Stacy London and Clinton Kelly are beginning their 10th and final season of the television program "What Not to Wear" on TLC.
I am going to miss them. I love "What Not to Wear."
The program began in 2003 in January and was based on a British TV show of the same name. My granddaughters love it, and it is one show we can watch and enjoy together — this one and the show where they bake cupcakes with the weirdest combinations I have ever heard of.
If you have never watched "What Not to Wear,’’ the format is that friends or family recommend someone for a makeover. Stacy and Clinton then travel to that person’s hometown and surprise him or (mostly) her, in front of family and friends and with television cameras.
Some surprise. The makeover candidate usually thinks she is there for another reason; it is usually pretty corny at this point.
The nominated person is offered a $5,000 credit card and a chance to go to New York and shop. The catch is that she has to take her whole wardrobe to New York, allow Stacy and Clinton to trash it, and then shop by their "rules."

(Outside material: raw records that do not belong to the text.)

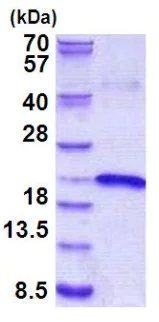 SDS-PAGE - Recombinant Human IL-17B protein (His tag N-Terminus) (AB156976)
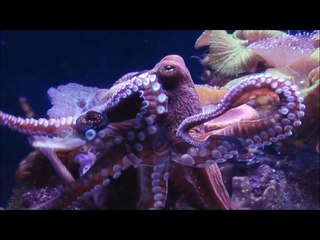 ‪Eilat Vacation with Genesis Boutique Travel‬‏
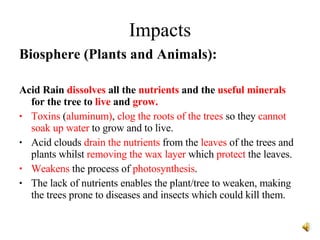 Impacts Biosphere (Plants and Animals): Acid Rain  dissolves  all the  nutrients  and the  useful minerals  for the tree to  live  and  grow.   Toxins  ( aluminum) ,  clog the roots of the trees  so they  cannot soak up water  to grow and to live. Acid clouds  drain the nutrients  from the  leaves  of the trees and plants whilst  removing the wax layer  which  protect  the leaves.  Weakens  the process of  photosynthesis . The lack of nutrients enables the plant/tree to weaken, making the trees prone to diseases and insects which could kill them. 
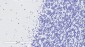 Doublecortin / DCX  (aa232-242) Antibody (internal region)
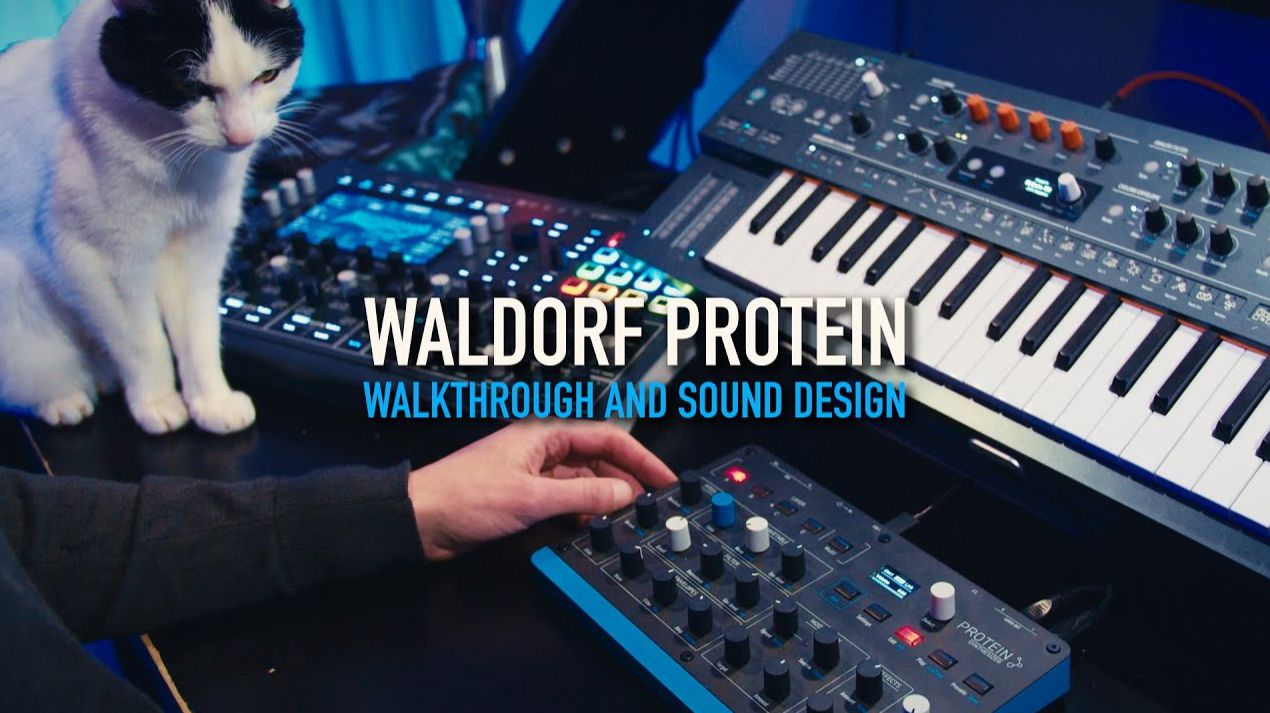 Waldorf Protein: Walkthrough and Sound Design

Everyone sits down and watches videos of the woman going about her everyday life in somewhat bizarre outfits. Stacy and Clinton keep up a running commentary on what a disaster the clothes are.

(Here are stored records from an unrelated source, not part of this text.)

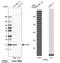 Interferon Induced Transmembrane Protein 3 antibody, HPA004337, Atlas Antibodies, Western Blot image 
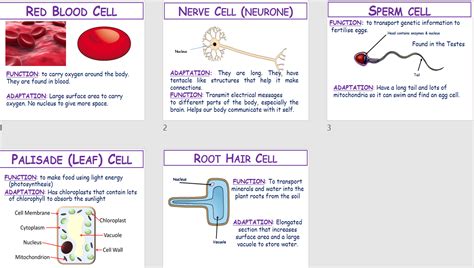 Specialised Cells Ks3 Activate Science Teaching Resources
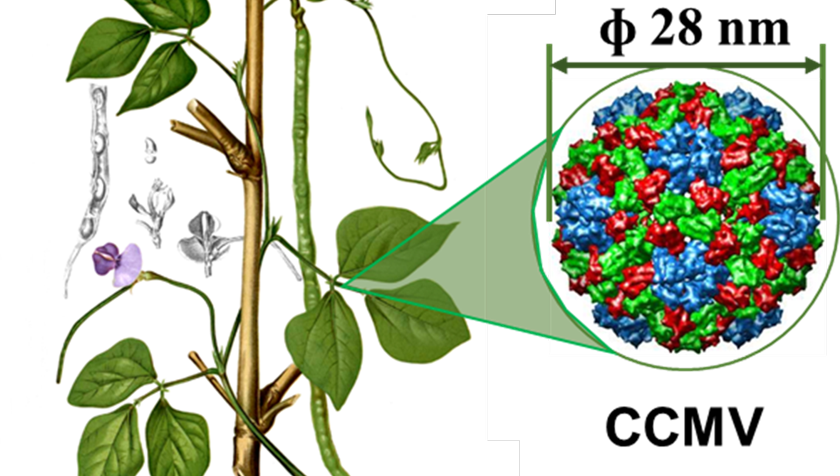 A new template for non-spherical viral nanocages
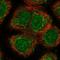 Nephronectin antibody, HPA050203, Atlas Antibodies, Immunofluorescence image 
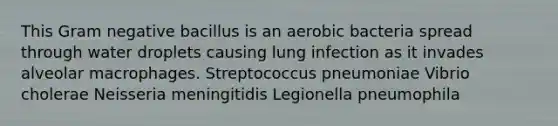 This Gram negative bacillus is an aerobic bacteria spread through water droplets causing lung infection as it invades alveolar macrophages. Streptococcus pneumoniae Vibrio cholerae Neisseria meningitidis Legionella pneumophila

The woman then arrives in New York and unpacks her clothes. She is invited to show off about three outfits she likes in a 365-degree mirror.

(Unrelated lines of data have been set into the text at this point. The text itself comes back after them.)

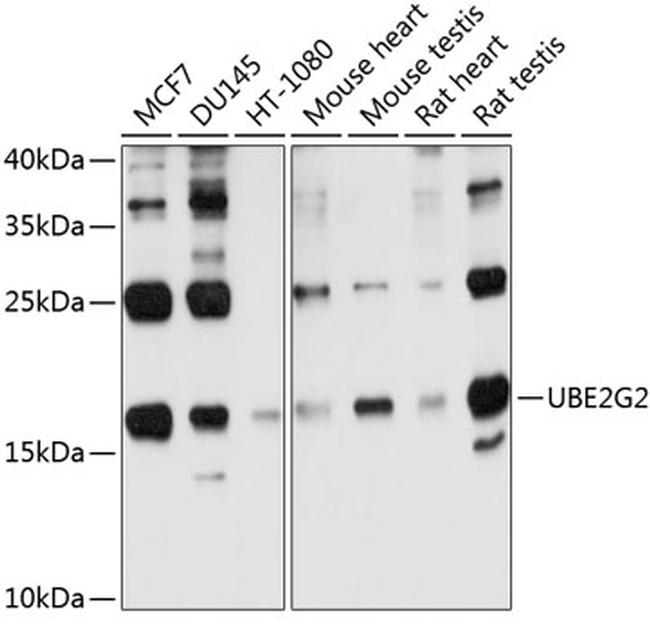 UBE2G2 Antibody in Western Blot (WB)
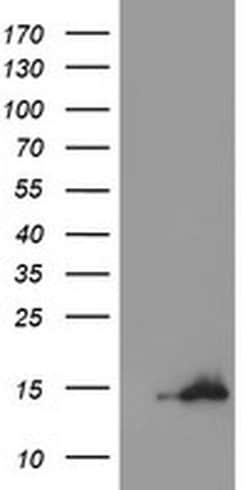 CST3 Monoclonal Antibody (OTI2C11), TrueMAB , OriGene 30 &mu;L; Unconjugated:Antibodies,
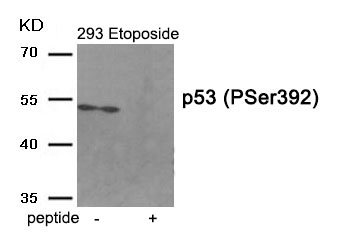 p53 (Phospho-Ser392) Antibody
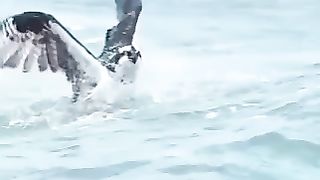 #viral #trending short#eagle short #best crazy scene #please like and follow #please subscribe my chanel #@Didyouknow068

I don’t think anybody would look good reflecting that many times.
The woman is told what is wrong with her outfits and shown a mannequin with what Stacy and Clinton deem appropriate attire. Then her old wardrobe is rifled through rather quickly, and with a few exceptions, the whole kit and caboodle is thrown in the trash, hangers and all. Even shoes.
Next, the viewer is treated to seeing the woman shopping alone and trying to find something that she thinks is appropriate under "the rules." Stacy and Clinton watch on a television monitor and make catty comments about what the woman picks out. This part of the show can generally end in a meltdown. The woman needs more direction as she is bombarded by clothing choices.
It all sounds increasingly cruel up until this point. And the comments Stacy and Clinton make are sometimes hilarious. And they are right. You have to agree with them.
But the next day, the woman is met in a department store by Clinton and Stacy. Here they actually show women how to shop, how to match pieces for a wardrobe, and how to ensure that things fit properly.
That’s the point of shopping their way: to find something that does fit and does flatter a woman’s body.
And the more you do it, they insist, the better and easier it will get. They never mock the person, just the clothes. They also advise women to get clothes tailored to fit.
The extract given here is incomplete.